Regia di Jon Favreau vedi scheda film
Riuscito remake di un classico Disney con l'utilizzo della Computer Grafica foto-realistica. Avventura, pathos ed una buona dose d'ironia per una pellicola che si posiziona a metà strada tra un documentario naturalistico ed un thriller animalista.
Simba è un leone appena venuto al mondo, piccolo e indifeso, ma con un futuro non qualunque: è il primogenito di Mufasa, il sovrano delle Terre del Branco, una landa lussureggiante e paradisiaca immersa nel cuore dell'Africa centro-orientale.

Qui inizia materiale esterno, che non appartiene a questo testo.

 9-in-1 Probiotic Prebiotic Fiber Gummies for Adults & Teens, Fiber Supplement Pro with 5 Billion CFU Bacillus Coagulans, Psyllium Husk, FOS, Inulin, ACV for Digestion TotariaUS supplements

Mufasa è amato da tutti, scimmie, volatili, persino da quelle antilopi che (talvolta) diventano pasto succulento per i più forti felini; ma Mufasa ha un fratello, Scar, che porta con se un atavico rancore ed una rabbia interiore che non riesce a scrollarsi di dosso, proprio come quella cicatrice che dal suo volto non andrà mai più via.
Un giorno, Simba, spinto dalle brame dello zio, si avventura fuori dai confini dell' interregno, verso una zona chiamata "cimitero degli elefanti": se la caverà per poco, grazie al pronto intervento del genitore. Ma quest'ultimo non ha intuito le (poco) reali intenzioni del parente di sangue il quale -del sangue- non sente alcun richiamo affettivo. Sarà la prematura dipartita del Re a scatenare una serie di eventi lungo un arco temporale di alcuni anni che porteranno Simba (che in swahili significa semplicemente "leone") ad una nuova consapevolezza.
Il Re Leone (USA, 2019) è il rifacimento dell'omonimo film disneyano del '94, liberamente creato dagli sceneggiatori ed autori della grande casa di produzione; arriva un quarto di secolo dopo con un' identica storia (seppur parzialmente modificata) ed una tecnica realizzativa completamente diversa: la computer grafica ha, nel frattempo, fatto passi da gigante e quella utilizzata in The Lion King è la versione "fotorealistica", che ci consegna un mondo animale del tutto reale, come se stessimo guardando un documemtario su Discovery Chanel.
Nei primi minuti si ha proprio quella sensazione, piacevole, di un tuffo nella Savana, che s'interrompe nello stesso momento in cui cominciano i dialoghi. E qui c'è, a mio modesto avviso, il punto di debolezza dell'opera di Jon Favreau, se non altro nella versione doppiata in italiano: ho trovato decisamente inappropriata la scelta (come si usa fare in molti casi) di dare una voce famosa al protagonista.
Nulla da dire sulla bravura di Mengoni, ci mancherebbe, ma di doppiatori bravi nel nostro Paese ce ne sono davvero tanti: ergo, la scelta la ritengo incomprensibile. Discorso diverso, ad esempio, per il villain del lungometraggio, alias Scar, doppiato con assoluta maestria da quel grande caratterista, attore e doppiatore che risponde al nome di Massimo Popolizio, senza contare il sempre gradevole Luca Ward che presta la sua voce, sempre più profonda, a Mufasa.
Avventura, pathos, scene mozzafiato, una bella dose d'ironia (soprattutto grazie agli innesti nella seconda parte del film di Timon e Pumbaa) ed una colonna sonora ancora una volta di tutto rispetto, a cominciare dalla riproposizione dell'ormai classico Hakuna Matata.
Da vedere con i figli ma anche senza: di un certo Cinema, quello romantico, quello politicamente corretto, quello che emoziona, ce n'è ancora tanto bisogno.